(Records from a dataset)

◇ ◇ ◇ ◇

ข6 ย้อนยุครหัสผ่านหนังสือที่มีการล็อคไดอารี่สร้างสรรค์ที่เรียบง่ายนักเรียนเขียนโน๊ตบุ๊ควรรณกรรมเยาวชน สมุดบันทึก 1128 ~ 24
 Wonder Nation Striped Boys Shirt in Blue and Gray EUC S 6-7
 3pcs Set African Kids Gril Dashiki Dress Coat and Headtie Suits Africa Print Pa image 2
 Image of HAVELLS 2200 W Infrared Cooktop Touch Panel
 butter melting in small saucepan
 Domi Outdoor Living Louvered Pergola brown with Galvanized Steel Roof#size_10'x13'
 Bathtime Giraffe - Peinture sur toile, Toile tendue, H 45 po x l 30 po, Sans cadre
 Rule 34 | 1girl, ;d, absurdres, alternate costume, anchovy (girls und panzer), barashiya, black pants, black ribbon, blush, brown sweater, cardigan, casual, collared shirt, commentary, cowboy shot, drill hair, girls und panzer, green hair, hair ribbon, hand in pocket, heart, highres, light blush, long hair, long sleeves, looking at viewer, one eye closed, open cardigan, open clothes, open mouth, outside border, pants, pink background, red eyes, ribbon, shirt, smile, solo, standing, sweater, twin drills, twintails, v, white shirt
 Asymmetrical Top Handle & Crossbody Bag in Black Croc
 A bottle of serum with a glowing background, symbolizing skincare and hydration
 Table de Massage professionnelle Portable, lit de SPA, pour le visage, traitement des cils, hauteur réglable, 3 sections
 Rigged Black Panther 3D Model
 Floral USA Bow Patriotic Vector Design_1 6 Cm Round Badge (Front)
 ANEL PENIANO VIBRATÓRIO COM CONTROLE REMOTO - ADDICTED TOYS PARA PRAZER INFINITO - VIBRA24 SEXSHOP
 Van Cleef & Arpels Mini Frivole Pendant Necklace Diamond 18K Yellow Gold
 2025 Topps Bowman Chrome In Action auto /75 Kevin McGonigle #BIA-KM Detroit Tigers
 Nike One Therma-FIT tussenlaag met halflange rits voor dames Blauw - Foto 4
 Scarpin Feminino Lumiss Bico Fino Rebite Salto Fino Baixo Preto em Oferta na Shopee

◇ ◇ ◇ ◇

*WORK TO COMPLETE*
Set down, exactly as they appear, the line holding "Van Cleef &" and every line after it until the records end.

*ANSWER SECTION*
 Van Cleef & Arpels Mini Frivole Pendant Necklace Diamond 18K Yellow Gold
 2025 Topps Bowman Chrome In Action auto /75 Kevin McGonigle #BIA-KM Detroit Tigers
 Nike One Therma-FIT tussenlaag met halflange rits voor dames Blauw - Foto 4
 Scarpin Feminino Lumiss Bico Fino Rebite Salto Fino Baixo Preto em Oferta na Shopee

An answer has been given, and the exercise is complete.